Michael Peters Is the Hot New Choreographer Who Makes Dancers Out of Video's Rock Stars
updated 06/25/1984 AT 01:00 AM EDT
•originally published 06/25/1984 AT 01:00 AM EDT
His name, MTV fans, is Michael Peters, and he sure can dance. "Like a cat," says colleague Vince Paterson, the rival gang chief in Beat It. "His movement seems to cut through the air without disturbing any molecules."
Which is only half the story. Michael Peters not only performs in rock video's minimusicals, he has staged some of the best. As one of today's most sought-after choreographers—"the Balanchine of MTV," some call him—his credits range from Diana Ross' Pieces of Ice and Jackson's Grammy-sweeping Thriller to TV commercials for Dr Pepper, Egg McMuffin, Sasson Jeans and, oh yes, the Pepsi spots with the Jacksons. Peters is not responsible for the hair-burning pyrotechnics. "That was one step off the beat," he says reproachfully.

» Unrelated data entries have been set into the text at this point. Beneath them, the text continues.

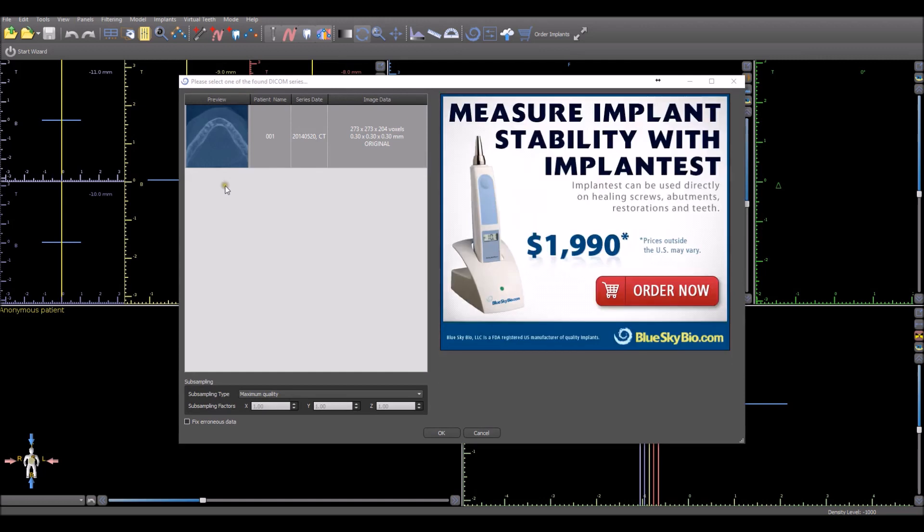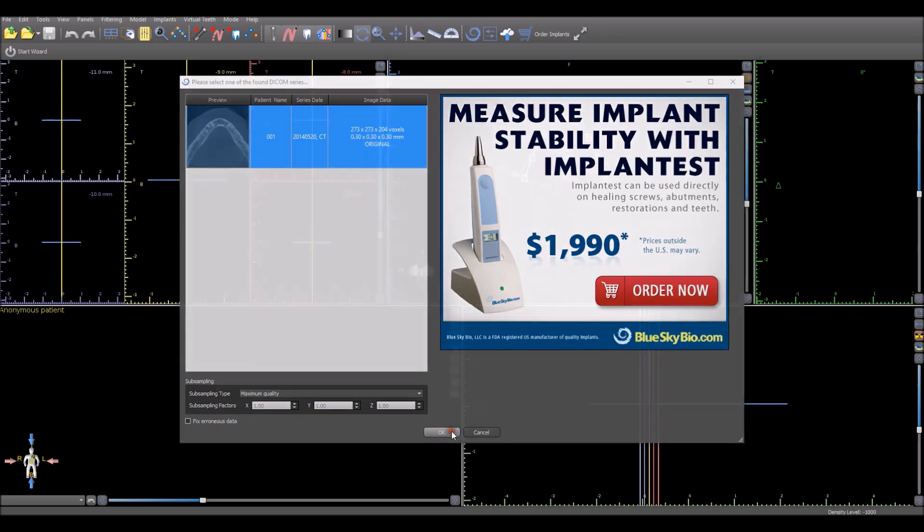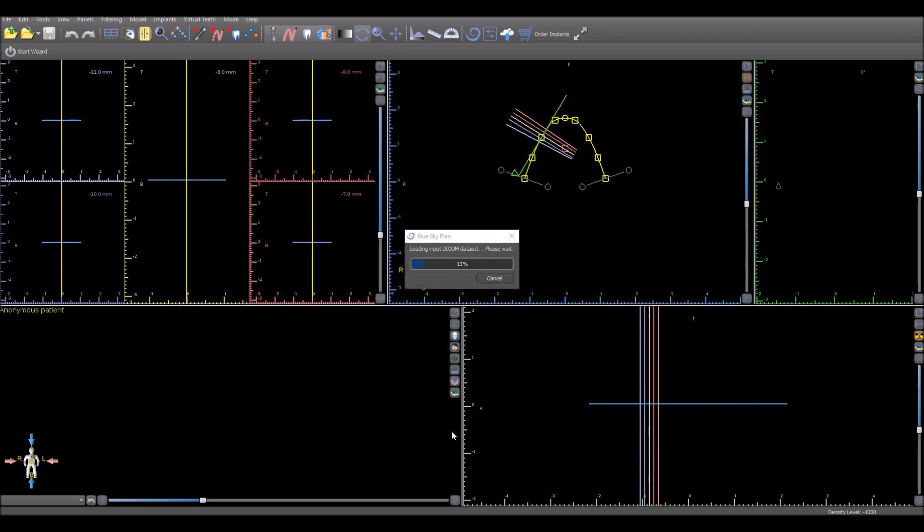What appears on the screen is any DICOM series that it finds will show up horizontally. Select the one that you want to choose, press OK.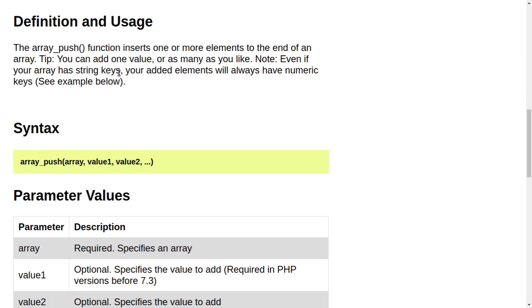Syntax: array_push(array, value1, value2...). Parameter values: Parameter description - array required, specifies an array.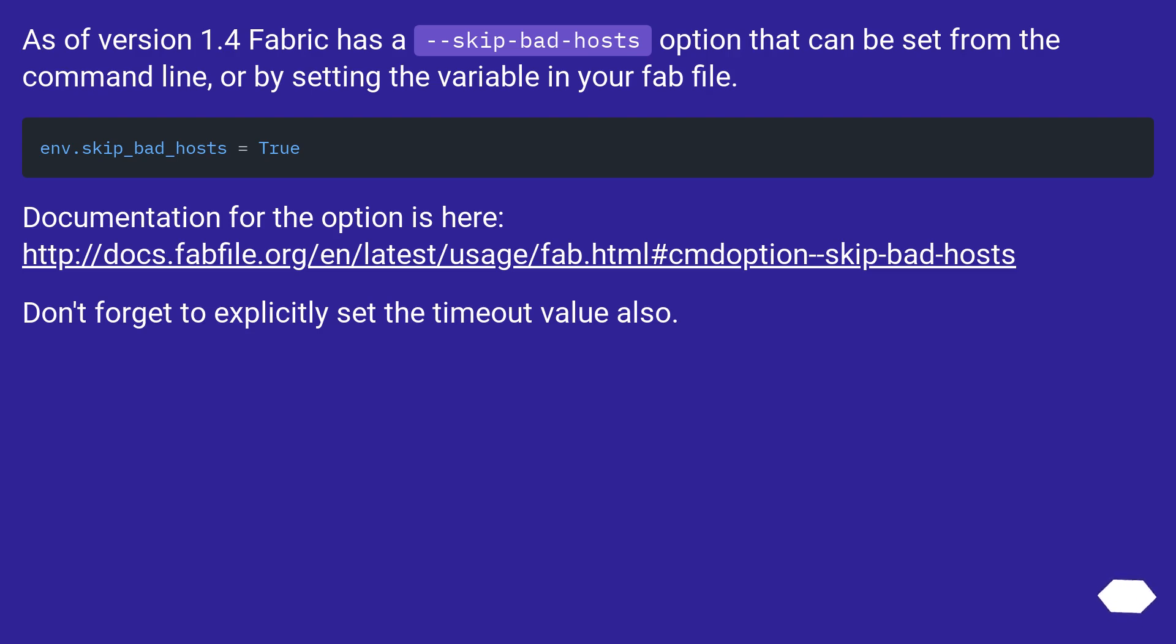Documentation for the option is here, this URL. Don't forget to explicitly set the timeout value also.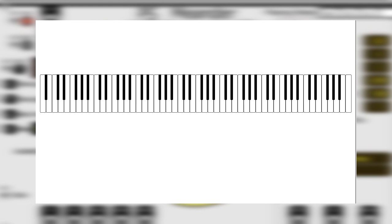So, starting from C, we count 7 semitones upwards and we get G. Why is it called a fifth if they are 7 semitones? Well, on C major scale, G is the fifth grade.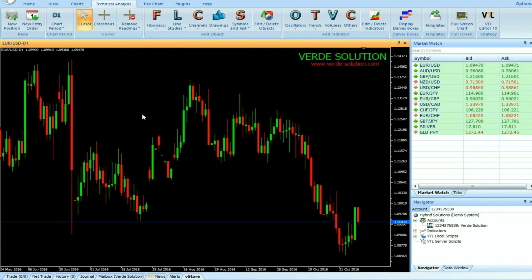Hi. Today we are going to introduce a new Vertex FX indicator called Kijun Sen.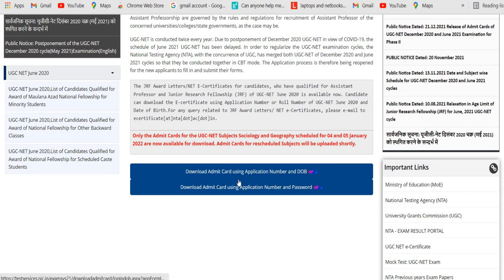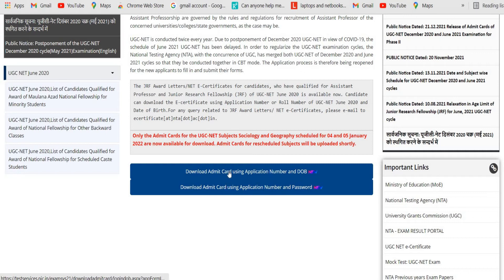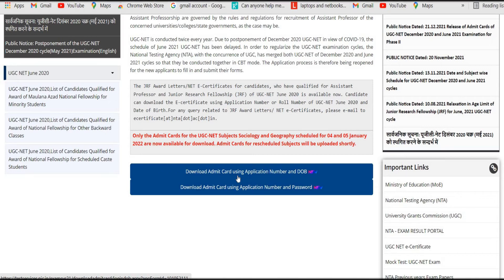They have given two options. The first option is to download the admit card using your application number and date of birth. The second option for downloading the admit card is by entering your application number and password. By clicking either the first or the second option, you can download the admit card and check the exam center where you are supposed to give your exam.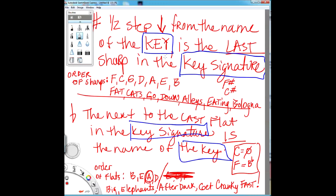To recap: a half step down from the name of the key is the last sharp in the key signature — that's the rule for sharps. The next to the last flat in the key signature is the name of the key — that's the rule for flats. Let this sink in, get your apps going, we're going to go further. We're always available online for live private music lessons via Skype — remember, we're the tube that talks back!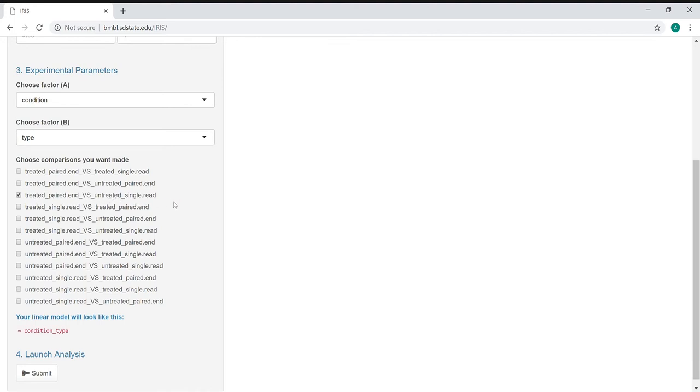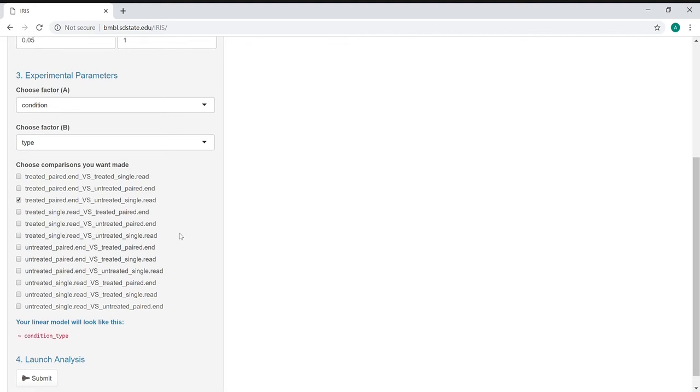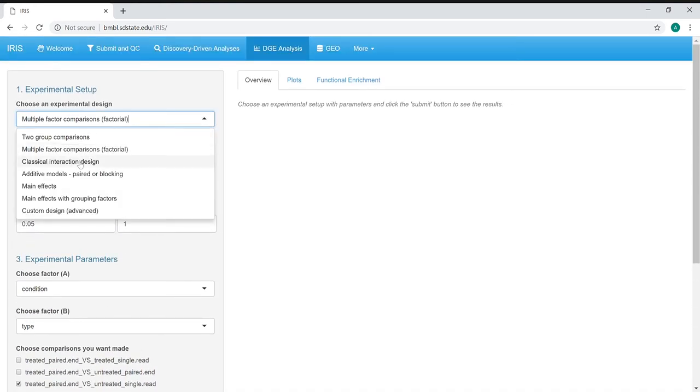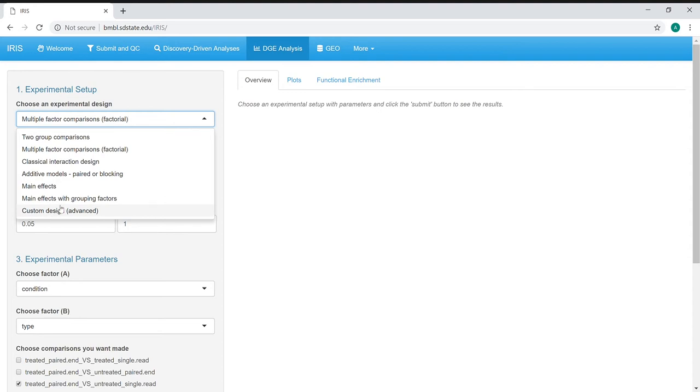We also have things like classic interaction designs, paired or blocked models, main effects or main effects with grouping factors, and a custom design that allows you to specify using a matrix of information how you want your experimental design set up if it does not match any of these factors.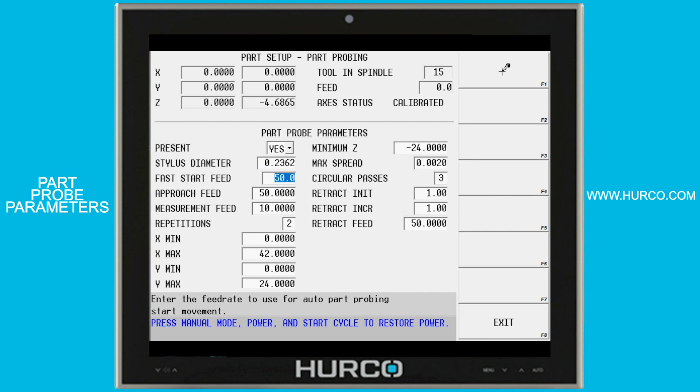Fast start feed is used for the z-axis approach feed inside of a program. If you're doing probing cycles in a program as your first block, for example, this is the z-feed that the tooltip will approach the start point. The approach feed is used by the part setup probing cycles when we're manually finding part setup zero, so it's going to approach at this feed rate.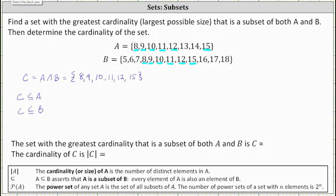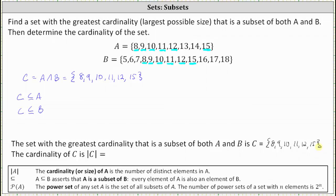So let's list this above. The set with the greatest cardinality that is a subset of both A and B is C, the set containing the elements 8, 9, 10, 11, 12, and 15. The cardinality of set C is equal to the number of elements in set C, which is 6.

His own state-of-the-art choreographic style can hardly be termed timid. Instead of counting out the steps, as is the rule in classical ballet and modern dance, he has tilted the emphasis of dance toward the sounds of the instruments—a slick drum riff, say, or a guitar lick. "When you dance by the numbers," he says, "you extract all emotions and sterilize the movement. You remove the dance from its inspiration, which is the music. What I love is the capability of a body to be free in the sense of street or social dancing and, at the same time, do something that is technically hard and tremendously disciplined."
Thus, the Peters style is endowed with high energy and precision. "He originated a lot of the movements other choreographers now imitate," says Vince Paterson. Among the Peters' signatures that appeared in Bear It was an undulating step called the Worm. "As you back up, the body makes a wormlike movement, like a wave," Paterson explains. "You just send this energy wave from your pelvis to the tip of your head."
For Debbie (Fame) Allen, a friend and colleague, the Peters style of choreography represents something "very hot and very now." But for Peters, the here and now was a long time arriving, having consumed nearly all his 35 years. His earliest times were spent in a low-income housing project in the Williamsburg section of Brooklyn. His mother, Rebecka, is of German-Jewish descent; his father, John, a retired factory worker, is black. "The story goes that they lived together eight years, then got married and were divorced after a year," Michael says. "In the context of the 1940s, you're talking about a real radical situation."
"It was difficult," admits Rebecka Peters, "though we moved into a fairly well-integrated neighborhood so he would not be the only black child and I would not be the only white person." Still, she remembers the moments when Michael would place his arm next to hers and ask, "Why can't I be the same color as you?"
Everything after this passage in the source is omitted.